暗き冥界の底で貴方の帰りを待つ

片海 鏡

一章 冬の睡蓮と冥界

第1話 月下に咲く睡蓮の花

 父である太陽の男神アギスの馬車が天空に弧を描き、黄昏の幕が引かれ、夜の女神ニネティスの帳が降ろされる。

 瑠璃色の天上には英雄達のともしびが瞬き、旅人達に道を示している。

 光を宿す若き男神ゼネスは灰赤色のローブで身を隠しながら、霊峰の谷間よりそれを見送ると、深い闇へと足を運ぶ。

 母である豊穣の女神メネシアの恩恵を拒絶するように、雪に覆われた地。

 吐く息は白く凍りながらも、足元は恩恵おんけいを受けて雪は解け、若草色の春の息吹が僅かに顔を覗かせる。

 ゼネスが目指す先は、山脈の清水がこんこんと湧き出す泉。

 この泉には夜にだけ咲く睡蓮がある。そう親友である伝令の神が話してくれた。

 睡蓮は、昼に花を咲かせ、夜になると閉じて水中に沈む姿から、そう名付けられた植物だ。夜に咲くことはまずあり得ない花。親友はお喋りだが嘘を付く様な男神ではない。

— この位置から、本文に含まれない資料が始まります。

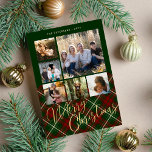 Rustikales kariertes Foto Collage Frohe Weihnachte Feiertagskarte<br><div class="desc">Elegante karierte Tartan-Imitate Gold Frohe Weihnachtsschrift sechs Fotos traditionelle rote grüne Urlaubskarte mit Ihrem personalisierten Text auf beiden Seiten.</div>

 妖精の悪戯なのか。それとも、本当に夜にだけ咲く睡蓮なのか。

 好奇心に駆られたゼネスは、一日かけてその泉へと歩き続けた。

そして、ようやくその場所へと辿り着く。


「想像よりも、ずっと綺麗だ……!」


 視界を狭めるフードを外した。思わず声に出る程に、その光景は美しい。

 黄金を湛える満月が浮かぶ夜空の元、泉より真珠のようにつやめく薄青色の蕾が水面に浮かび上がる。透けるほどに薄い花弁の中には淡い光を内包している。

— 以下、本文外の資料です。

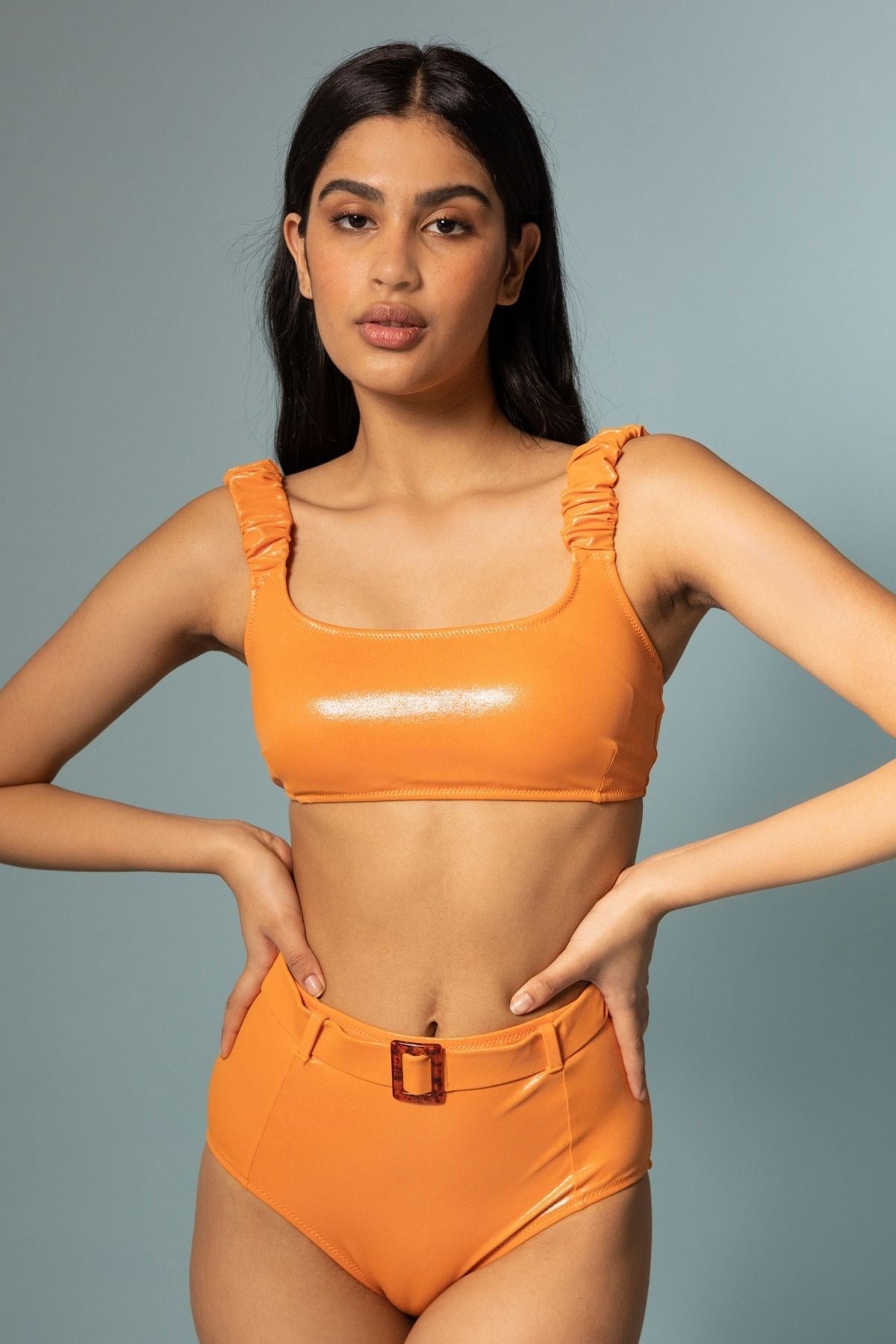 Good Things Kadın Büzgülü Askı Bikini Üst Turuncu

 興味深そうに見ていると、蕾が音も無くゆっくりと広がり始める。

 大輪の花が次々と咲き、蛍のように淡い光が浮かび上がり、月に溶けて行った。

 ゼネスはその美しい光景を堪能する。

 人間で例えるならば20代の若い男性。短く整えられた小麦色の髪は、毛先が時折炎のように揺らめきながら赤や黄と色を変化させ、燃えない火の粉を生む。新緑の双眸そうぼうはまるで蒼天そうてんに輝く草原のように光を内包している。朗らかでありながら精悍な顔立ちに、筋肉質の均衡きんこうの取れた無駄のない体。今はローブで隠れているが、上質な布で作られた刺繍がふんだんにあしらわれた茜色の衣を見にまとい、腰には剣を携えている。

 目の色は母似。髪の色と顔立ちは父似。独自の体質も父由来だが、能力の性質は母に近く、強い生命力を感じさせる。


「よし……」


 妖精達の姿は無く、風の吹かないその場所でひとしきり観賞を終えたゼネスは、母への手土産に睡蓮の花を一輪取りに、泉の中へと入る。

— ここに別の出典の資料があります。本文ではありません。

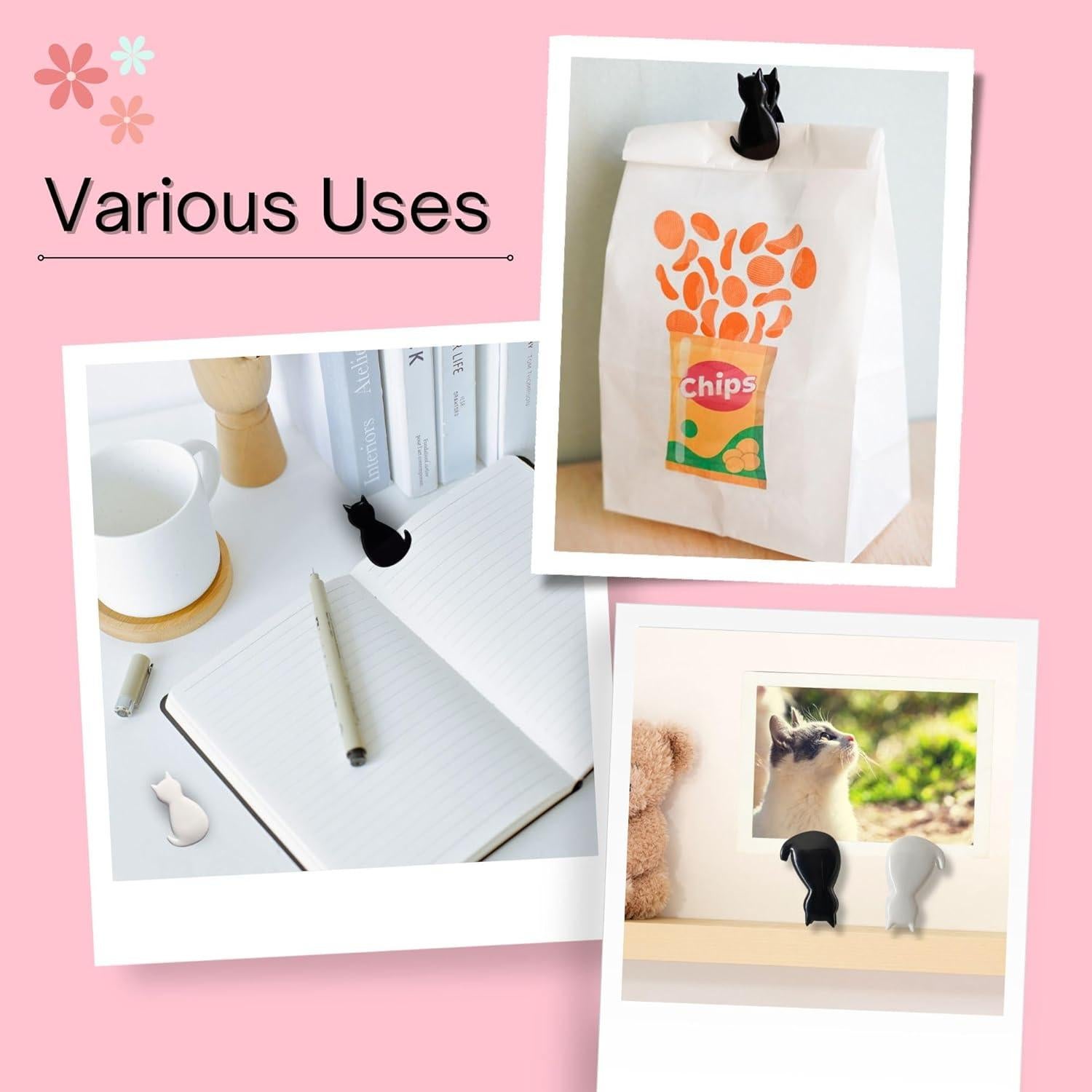 Set de 6 Clips de Gato LOVE LOVE JAPAN para Bolsas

 透き通る泉の水深は思いのほか浅く、ゼネスの腰程までしかない。水の冷たさに臆することなく、底の土に足を取られない様に気を付けながら、彼は睡蓮の元まで歩みを進める。

 咲き誇る睡蓮からはほのかに柔らかく甘い香りがする。

 ゼネスは一際大きく美しい睡蓮の花の茎を掴んだ。


「————!?」


 足に何かが絡まり、体制を崩したゼネスは泉の中へ落ちた。

 睡蓮の根は土底の中に隠れている。妖精であったとしても、豊穣の女神の息子に対して馬鹿な真似は出来ない。

 ならば、これは何なのか。

 ゼネスは何とかして振り払おうもがき、激しく水飛沫が舞い散る中で腰に携えた剣へと手を伸ばすが、それよりも早く足が下へと沈んでいく。

 水深は腰までの筈だった。

 月明かりの見える水面が遠のき、まるで海の中にいる様に底の知れない深さが広がっている。

 深淵は口を開け、ゼネスを飲み込んだ。